My experience has taught me that simply requiring a change of mind-set is generally not sufficient. Leaders need to foster a break out from older mind-sets by clearly laying out the need for the change and the benefits of the new approach. Similarly, just sharing a vision with stakeholders does not mean that they will adopt it as their own. Building a shared vision requires that a safe environment be established and group-processing skills be reinforced so that a consensus of beliefs may be fostered. By establishing such a consensus, stakeholders become empowered and will develop a sense of ownership for the vision of the ideal.
Generally, I have used the following process for moving a community toward a change effort. First, I begin by establishing (or redefining) my relationship with the community. The willingness of a group to follow a leader is deeply dependent on trust and as such, it is imperative that a positive and trusting relationship be the foundation of the change effort. Next, I assess the community’s readiness for change as well as the school's (or district's) capacity for the change effort. If the entities involved are not ready for the proposed change effort, then the focus needs to be shifted toward providing the necessary constructs for readiness before the change effort is pursued.

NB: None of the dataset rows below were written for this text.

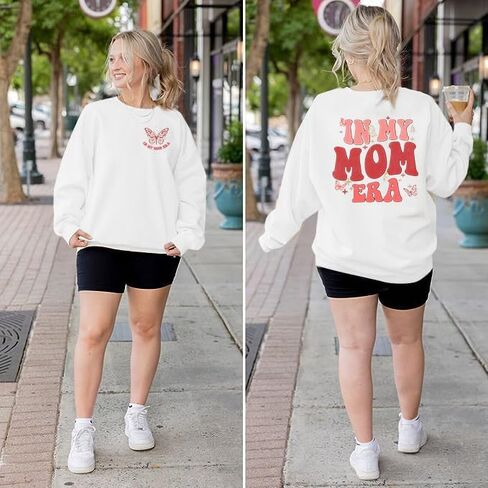 بلوزات نسائية مضحكة من In My Mom Era، سويت شيرت كاجوال مطبوع عليه حروف وأكمام طويلة، بلوفرات علوية in Saudi Arabia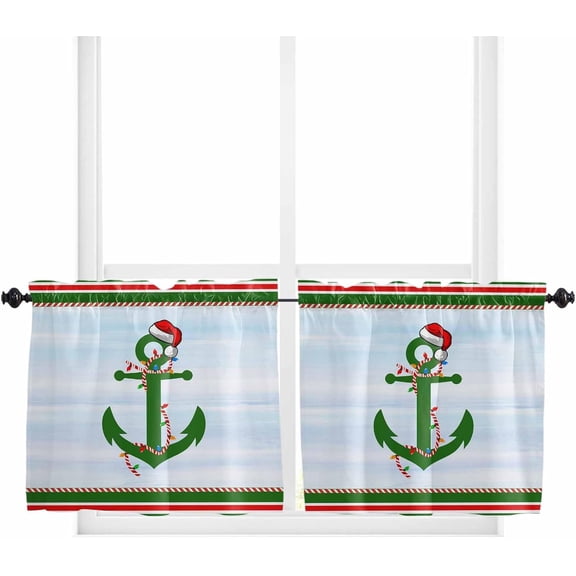 Christmas Nautical Kitchen Curtain 2 Panels Tiers Curtains 36 Inch Length, Blue Xmas Red Green Striped Curtains Rod Pocket Curtains Window Drapes Treatment Window Cafe Curtains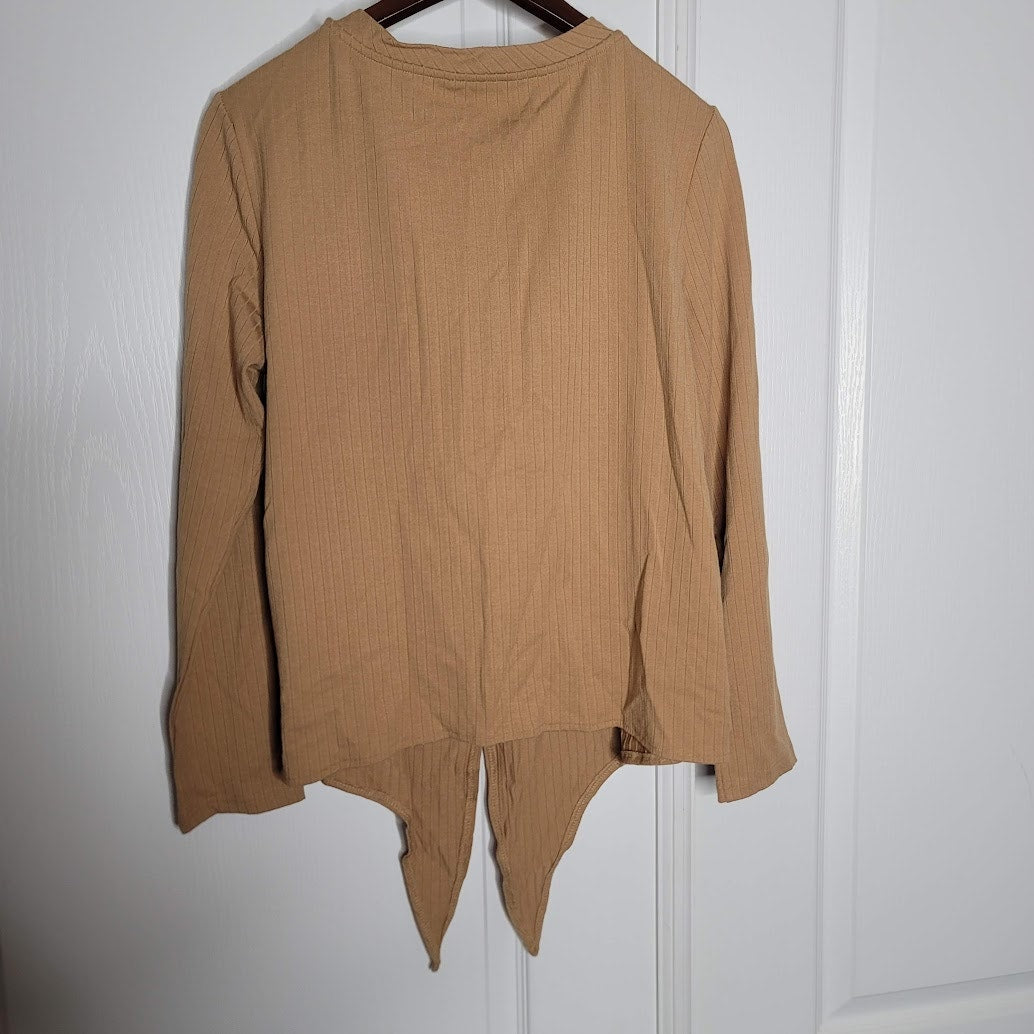 VELVET Heart Small Textured tan Waist Tie Blouse Top Long sleeve Faux button Up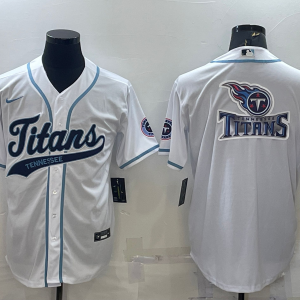 Men's Tennessee Titans White Big Logo With Patch Baseball Nike Jersey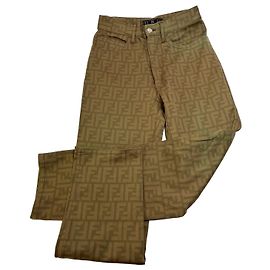 Vintage Fendi FF Monogram Strukturhose Olive Brown S Grün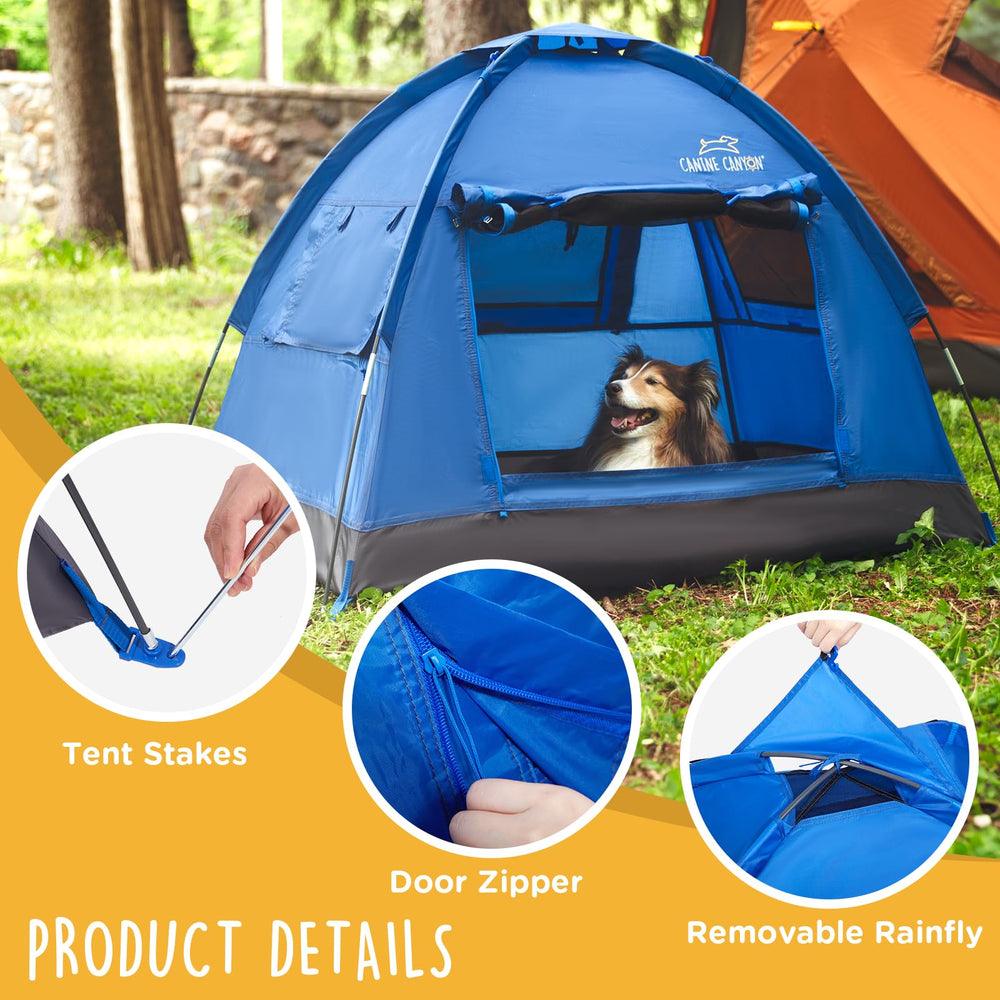 CANINE CANYON Luna tent beach-day setup image highlights easy deployment outdoors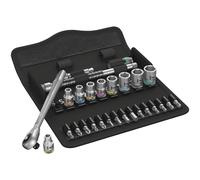 Wera 05004017001 8100 SA 7 Zyklop Metal Ratchet Set with Push-Through Square, 1/4" Drive, Metric, 28 Pieces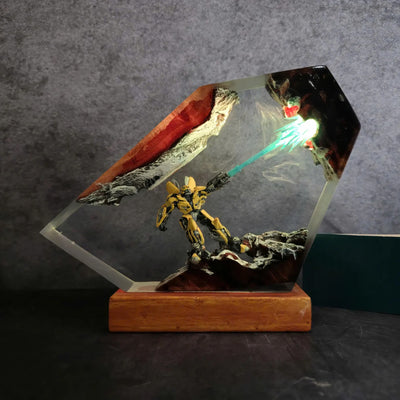 Transformer Bumblebee Yellow Mecha Beam Epoxy Resin Lamp, Night Light
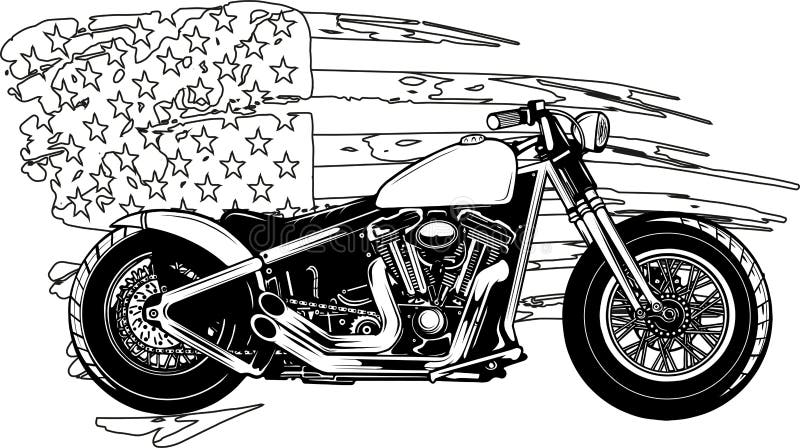 Desenho Em Preto E Branco De Vetor De Moto Com Desenho De Peças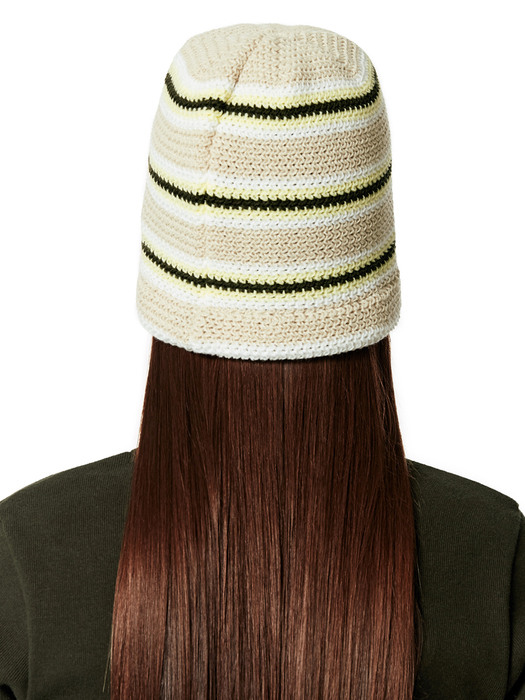 STRIPE KNIT BUCKET HAT [BEIGE]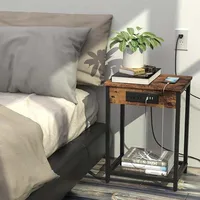 Nightstand with Charging Station Bedroom End Side Table with USB Ports  outlets Modern Record Player Stand 2-Tier Bedside Table 2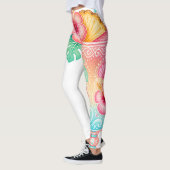 Pastel Tropische Bloem Dames Leggings (Links)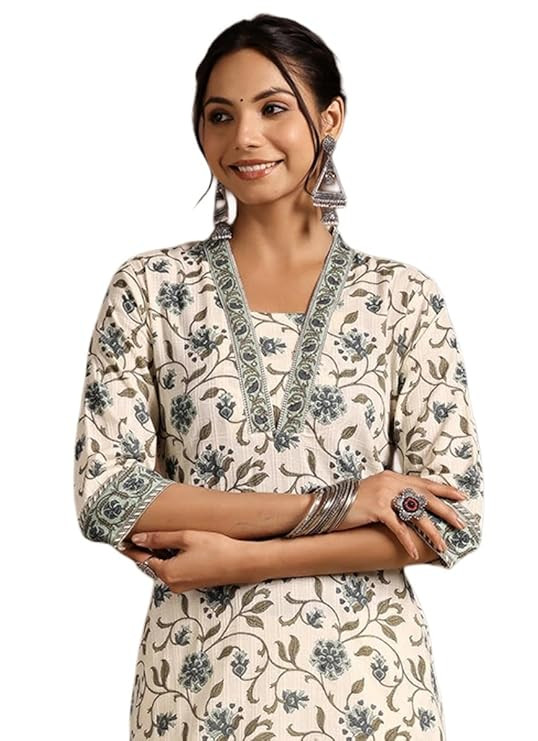 New Cotton Leaf Printed Casual Straight Kurta for Women | Women Formal Kurti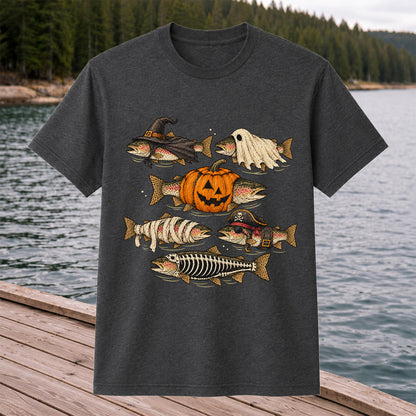 Rainbow Trout Halloween Costumes Witch Ghost Pumpkin Mummy Pirate Skeleton Fishing T-Shirt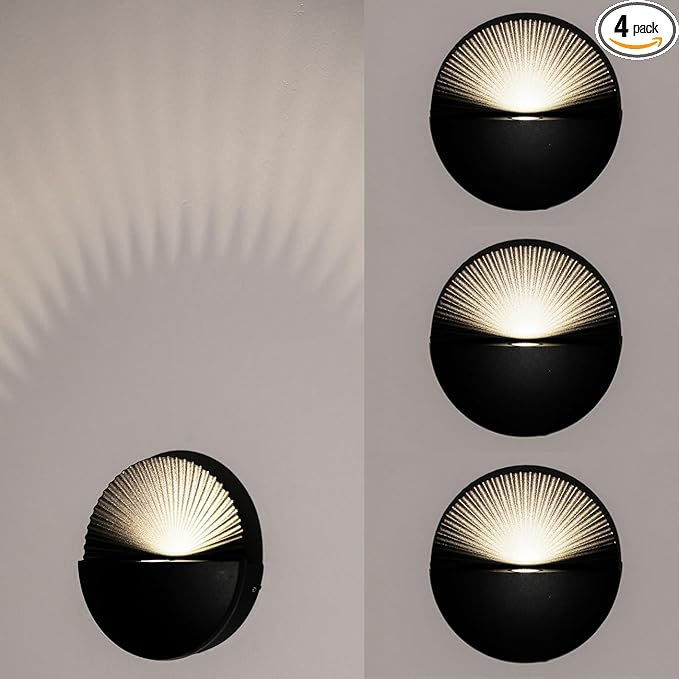 6W Wall Lamp,Exterior Waterproof Wall Sconces Light Fixture,110V Wall Mount Light 3000K Warm White Porch Lights for Garage,House,Garden,Patio 4Pack (Black)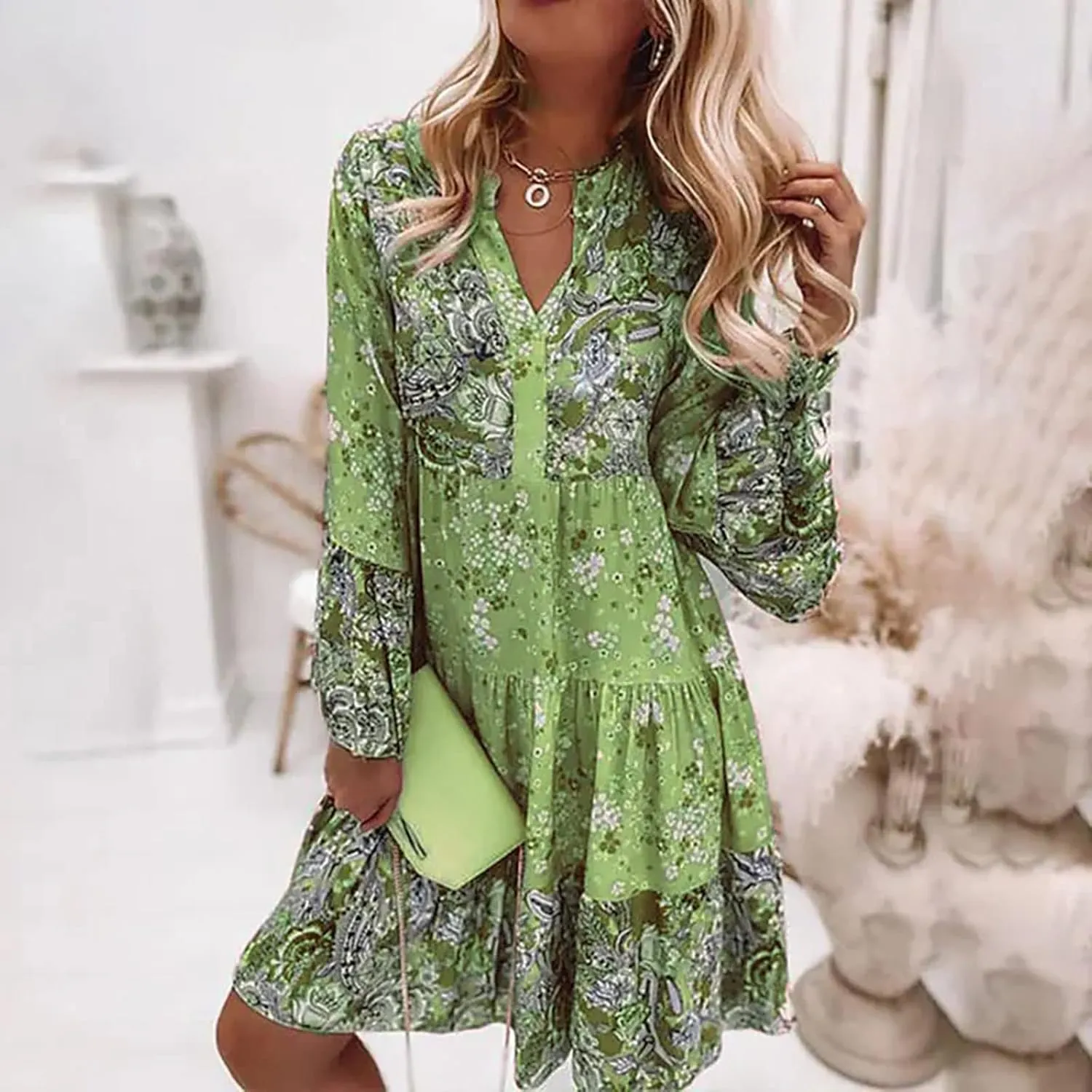 Floral Midi Dresses for Women Long Sleeve Vintage Flowy Ruffle Boho Dress 2025 Summer V Neck Beach Vacation Sundress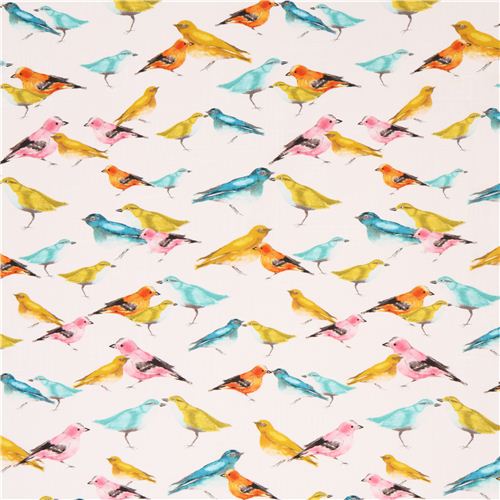 wei�er Tier Vogel Stoff Michael Miller Flutter 3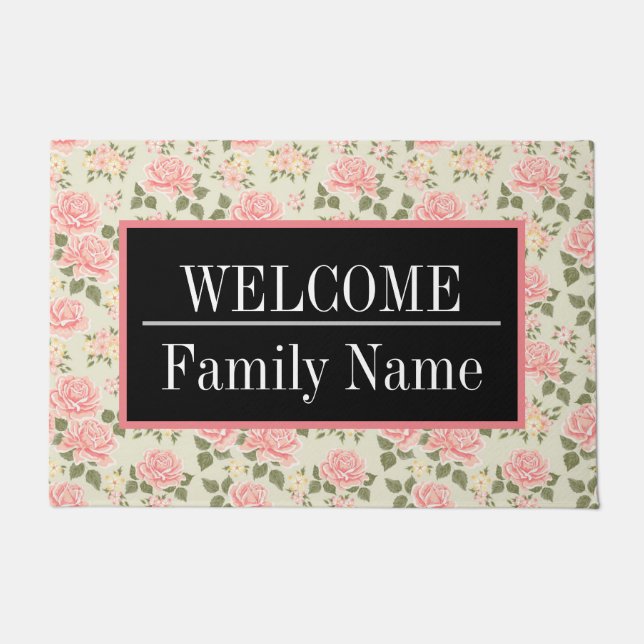 Elegant Modern  Trendy Floral Deurmat (Voorkant)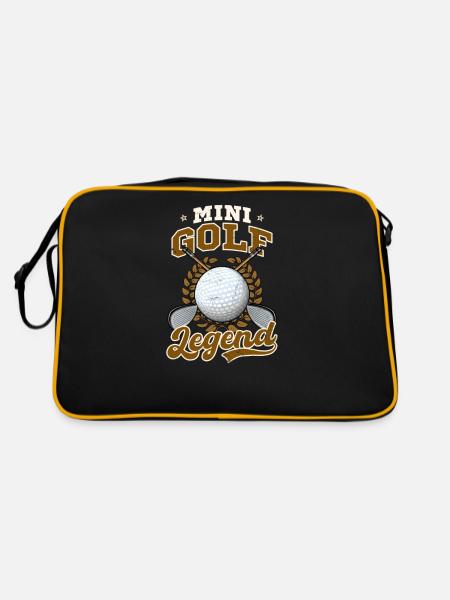 Minigolf-Legende - Retro Tasche - Schwarz/Gold - Hinten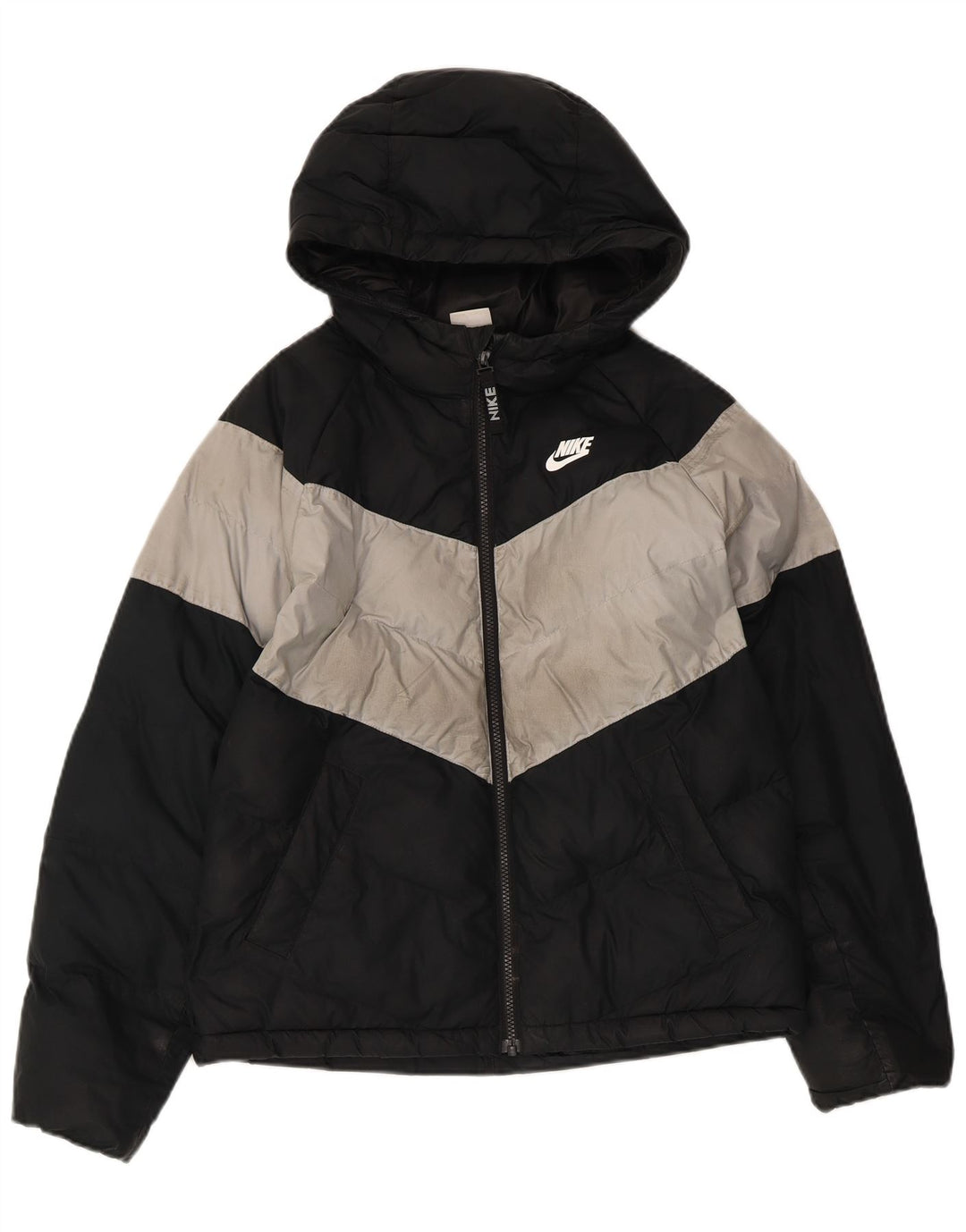 Утепленная куртка с капюшоном Nike для мальчиков 12–13 лет, большая черная цветная блокировка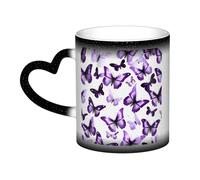 White Purple Butterflies Print Thermal Color Changing Mug, Ceramic Coffee Cup, Magic Mug for Home Office Cafe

Once the relationship with the group(s) is established or redefined and we determine that the group is ready to undertake the challenge of the change effort, I then assemble and prepare a core team and build their skills/knowledge base for the change effort. The core team then sets out to evaluate competing change efforts to ensure we're not biting off more than we can chew or identify potential synergies. As the initial team gets grounded and makes some progress, I then expand the core team by including respected innovators and creative thinkers who will devote time to designing the change effort and preparing it for deployment. Once the plan of action is created, I expand the core team even further to have broader representation of stakeholder groups as well as to lay the groundwork for consensus building. At this point, the now expanded team members coalesce into small implementation teams to carry forward the change effort based on the shared vision and common beliefs formed and within the parameters of the district’s values/belief framework.
The final steps for guiding a successful change effort includes the development of a system for evaluating the results of the change process. This is done in concert with the designing and implementation of an administrative governance system for the change effort. The system will provide methods for building and maintaining positive political supports, sustaining motivation, continuous building of trust, securing and allocating necessary resources, engaging in self-reflection processes, building and evolving the community of practice as well as organizational memory.
Of course each of these steps include a myriad of more nuanced actions and often lead to steps within steps. However, the process above coupled with clear communication of a vision for an idealized setting has proven successful for me in leadership positions I have held over the years.